As the months roll on, we are slowly seeing more properties come to the fore (almost all via off market channels) which could produce an uptick in trading numbers. Unfortunately, much of this stock is being delivered by downsizers, many of whom have been waiting for the right moment to sell since before the pandemic. Whilst they may have hoped for a spring window before the election got underway, that moment has passed, and we imagine many of these properties will now remain in the shadows until the autumn. Since most buyers still favour turnkey or newly developed properties over taking on a project, we continue to witness a ‘stand-off’ on price as sellers fail to acknowledge the real cost of refurbishment to be borne by buyers. The net effect is that for these properties it is taking longer on average to agree commercial terms whilst transactions themselves are increasingly arduous, with parties becoming entrenched in negotiating price adjustments and retention mechanics.

 

Super Prime New Build Stands Up

The Super Prime new build market continues to attract buyers internationally and we have been especially active in this space with buying clients from the US. Again, the focus is on the very best units (good views, high floors, rational layouts) within the very best of the branded residences – for example, 1 Grosvenor Square, The Peninsula, The Whiteley and The Glebe.  

As they say, timing is everything and Westminster’s prohibition on new build apartments over 200 square metres means the pipeline has fallen dramatically (by c. 80% since 2016) which is helping the best developers to hold their nerve on pricing. However, our guess is that those larger scale developments in more secondary locations, and with a significant number of units to sell, may come under increasing pressure as the year unfolds.  

One new building to watch is John Caudwell’s One Mayfair which is due to complete in 2026 and may well be one of the last Mayfair Super Prime schemes of this development cycle. Designed by the great Robert Stern and with a heady mix of international interior designers at the helm, the entry level to this new and highly exclusive club is set at £30m++ with the penthouses demanding robust nine figure sums well in excess of £10,000psf. To put that figure into historical context, it is almost double the values achieved in One Hyde Park in the heady days after the global financial crisis.

 

 

What Becomes Of Agency?

In the last few years, we have seen the widespread fragmentation of traditional sales agencies. In some cases, individual sales agents have left larger corporates to set up on their own, some seeking to mirror US-style brokerages. In others, we have seen new corporate arrivals like the dramatic injection of capital into Sothebys International Realty in London. The overall effect is that the sales agency landscape is now thoroughly overwhelming and impenetrable to most incumbent buyers. Not only do they rightly question who is representing their interests as buyers in these blurred exchanges, but the plethora of sales agents means getting access to the best off-market properties comes down to relationships, credibility, and industry reputation.
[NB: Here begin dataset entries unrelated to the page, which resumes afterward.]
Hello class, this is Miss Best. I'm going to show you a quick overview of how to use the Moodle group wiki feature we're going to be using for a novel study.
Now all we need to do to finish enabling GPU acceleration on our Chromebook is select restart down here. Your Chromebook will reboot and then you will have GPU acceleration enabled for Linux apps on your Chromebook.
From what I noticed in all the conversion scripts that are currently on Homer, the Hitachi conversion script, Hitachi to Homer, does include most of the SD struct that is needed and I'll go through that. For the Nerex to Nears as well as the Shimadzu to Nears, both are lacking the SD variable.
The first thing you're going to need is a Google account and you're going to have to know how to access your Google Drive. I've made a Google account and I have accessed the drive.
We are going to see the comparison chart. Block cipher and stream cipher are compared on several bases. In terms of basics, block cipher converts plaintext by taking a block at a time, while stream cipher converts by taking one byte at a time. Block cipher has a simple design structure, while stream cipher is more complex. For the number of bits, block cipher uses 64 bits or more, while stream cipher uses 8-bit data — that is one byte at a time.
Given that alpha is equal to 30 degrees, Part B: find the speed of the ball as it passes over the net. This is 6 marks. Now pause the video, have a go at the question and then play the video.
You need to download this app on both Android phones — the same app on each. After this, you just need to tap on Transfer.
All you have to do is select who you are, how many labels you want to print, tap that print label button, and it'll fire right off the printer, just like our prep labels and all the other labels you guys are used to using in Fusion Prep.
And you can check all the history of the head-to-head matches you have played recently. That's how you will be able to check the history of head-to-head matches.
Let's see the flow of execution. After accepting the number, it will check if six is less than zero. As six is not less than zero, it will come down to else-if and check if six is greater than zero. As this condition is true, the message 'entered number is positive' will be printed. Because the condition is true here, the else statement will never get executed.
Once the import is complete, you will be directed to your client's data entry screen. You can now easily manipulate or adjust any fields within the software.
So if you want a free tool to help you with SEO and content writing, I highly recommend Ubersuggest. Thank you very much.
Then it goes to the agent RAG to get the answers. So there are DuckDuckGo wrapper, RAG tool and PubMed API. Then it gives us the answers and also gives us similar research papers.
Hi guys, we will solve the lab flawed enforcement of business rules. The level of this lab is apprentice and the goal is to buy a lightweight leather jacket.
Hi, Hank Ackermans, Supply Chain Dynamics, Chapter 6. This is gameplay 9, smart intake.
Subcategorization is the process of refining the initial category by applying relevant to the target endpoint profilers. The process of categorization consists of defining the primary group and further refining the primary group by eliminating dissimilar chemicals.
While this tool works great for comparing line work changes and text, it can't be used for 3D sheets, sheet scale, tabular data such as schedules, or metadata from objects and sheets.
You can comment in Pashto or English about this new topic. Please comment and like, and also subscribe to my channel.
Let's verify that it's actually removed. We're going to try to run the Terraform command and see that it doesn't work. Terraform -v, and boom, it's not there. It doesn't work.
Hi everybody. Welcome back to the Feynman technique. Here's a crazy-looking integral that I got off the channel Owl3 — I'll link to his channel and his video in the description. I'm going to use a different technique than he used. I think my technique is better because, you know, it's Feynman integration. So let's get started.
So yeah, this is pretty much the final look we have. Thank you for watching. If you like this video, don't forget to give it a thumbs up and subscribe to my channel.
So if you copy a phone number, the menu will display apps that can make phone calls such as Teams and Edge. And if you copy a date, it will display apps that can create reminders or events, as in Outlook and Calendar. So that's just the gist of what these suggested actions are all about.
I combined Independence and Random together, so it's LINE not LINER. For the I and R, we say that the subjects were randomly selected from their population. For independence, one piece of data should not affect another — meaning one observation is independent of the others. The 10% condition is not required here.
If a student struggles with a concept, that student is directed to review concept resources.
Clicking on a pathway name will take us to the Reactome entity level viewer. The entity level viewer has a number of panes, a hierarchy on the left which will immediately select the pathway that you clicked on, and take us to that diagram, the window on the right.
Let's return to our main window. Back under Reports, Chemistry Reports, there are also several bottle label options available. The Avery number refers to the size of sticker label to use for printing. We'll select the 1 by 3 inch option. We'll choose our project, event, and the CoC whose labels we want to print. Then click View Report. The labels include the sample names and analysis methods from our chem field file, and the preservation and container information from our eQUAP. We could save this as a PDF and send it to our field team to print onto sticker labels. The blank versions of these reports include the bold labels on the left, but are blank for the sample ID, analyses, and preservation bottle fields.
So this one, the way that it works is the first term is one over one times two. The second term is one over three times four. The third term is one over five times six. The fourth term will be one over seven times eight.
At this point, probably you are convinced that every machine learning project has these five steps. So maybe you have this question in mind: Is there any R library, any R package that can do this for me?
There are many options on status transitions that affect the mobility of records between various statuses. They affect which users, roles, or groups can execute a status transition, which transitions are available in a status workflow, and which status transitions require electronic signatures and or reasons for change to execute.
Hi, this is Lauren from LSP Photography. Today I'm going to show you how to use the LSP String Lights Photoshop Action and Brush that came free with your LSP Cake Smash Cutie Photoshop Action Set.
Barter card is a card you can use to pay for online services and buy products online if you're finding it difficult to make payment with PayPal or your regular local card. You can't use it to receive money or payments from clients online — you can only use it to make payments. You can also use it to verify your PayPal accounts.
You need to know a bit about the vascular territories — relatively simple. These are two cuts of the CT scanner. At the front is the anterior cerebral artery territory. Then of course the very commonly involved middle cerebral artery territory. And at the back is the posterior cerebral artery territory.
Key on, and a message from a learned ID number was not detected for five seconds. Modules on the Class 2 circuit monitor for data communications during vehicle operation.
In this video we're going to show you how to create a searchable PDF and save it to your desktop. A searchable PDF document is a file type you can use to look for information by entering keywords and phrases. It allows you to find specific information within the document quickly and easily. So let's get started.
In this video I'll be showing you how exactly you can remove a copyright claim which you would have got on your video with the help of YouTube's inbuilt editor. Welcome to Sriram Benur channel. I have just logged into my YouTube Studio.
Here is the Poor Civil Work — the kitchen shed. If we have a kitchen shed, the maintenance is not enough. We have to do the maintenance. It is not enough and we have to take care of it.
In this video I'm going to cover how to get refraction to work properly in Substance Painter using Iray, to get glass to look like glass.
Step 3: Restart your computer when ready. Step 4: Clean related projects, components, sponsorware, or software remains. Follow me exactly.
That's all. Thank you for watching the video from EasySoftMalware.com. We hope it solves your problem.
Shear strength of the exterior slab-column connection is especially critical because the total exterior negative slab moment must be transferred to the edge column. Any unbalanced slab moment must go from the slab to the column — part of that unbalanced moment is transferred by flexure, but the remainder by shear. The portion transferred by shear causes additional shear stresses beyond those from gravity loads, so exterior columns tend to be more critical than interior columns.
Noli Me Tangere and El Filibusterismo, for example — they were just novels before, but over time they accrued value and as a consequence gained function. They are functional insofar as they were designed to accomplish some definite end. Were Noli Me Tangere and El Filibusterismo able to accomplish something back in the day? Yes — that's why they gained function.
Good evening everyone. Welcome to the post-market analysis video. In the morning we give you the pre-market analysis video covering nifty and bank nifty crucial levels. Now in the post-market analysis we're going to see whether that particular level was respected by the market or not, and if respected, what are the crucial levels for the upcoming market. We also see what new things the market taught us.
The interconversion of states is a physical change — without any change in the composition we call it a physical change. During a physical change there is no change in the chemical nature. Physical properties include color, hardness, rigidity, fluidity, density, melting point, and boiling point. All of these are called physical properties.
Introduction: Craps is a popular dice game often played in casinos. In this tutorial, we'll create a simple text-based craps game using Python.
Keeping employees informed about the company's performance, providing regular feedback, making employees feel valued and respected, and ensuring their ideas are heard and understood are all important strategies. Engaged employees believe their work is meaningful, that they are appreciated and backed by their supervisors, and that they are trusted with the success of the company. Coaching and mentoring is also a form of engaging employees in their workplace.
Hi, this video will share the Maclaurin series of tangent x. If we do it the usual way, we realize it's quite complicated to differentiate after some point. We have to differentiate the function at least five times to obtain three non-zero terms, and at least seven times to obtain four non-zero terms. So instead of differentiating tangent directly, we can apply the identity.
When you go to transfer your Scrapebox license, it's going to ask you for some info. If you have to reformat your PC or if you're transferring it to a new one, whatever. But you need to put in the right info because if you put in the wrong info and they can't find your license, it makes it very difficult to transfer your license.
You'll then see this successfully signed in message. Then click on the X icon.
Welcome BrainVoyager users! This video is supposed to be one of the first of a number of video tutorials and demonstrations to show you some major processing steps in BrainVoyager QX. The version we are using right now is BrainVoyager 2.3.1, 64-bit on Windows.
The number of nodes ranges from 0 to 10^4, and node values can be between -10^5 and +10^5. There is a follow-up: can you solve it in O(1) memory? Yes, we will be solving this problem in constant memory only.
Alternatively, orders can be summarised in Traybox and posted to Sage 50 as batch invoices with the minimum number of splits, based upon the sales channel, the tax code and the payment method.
Having a good buy-side advisor really does matter. 

Meanwhile, the burgeoning use of social media platforms, and now Reality TV, to expose and glamorise the industry is perhaps unhelpful in misrepresenting the quality, complexity and seriousness of the work truly going on behind the scenes. It has also been described as “tone deaf” in a diverse city which, like so many other major cities, is seeking to address numerous social and economic challenges.

In this ever-changing world, where pressures to adapt are great, we have remained resolute: we only act for buyers; we only acquire homes in London; and we always put our clients’ privacy first. Privacy is fundamental to us and to the trust and respect we are afforded by our clients. We never laud our transactions on social media (or any media) and we never disclose details of our clients or the properties they acquire. To us, this is just part of being a professional advisor in the private client world.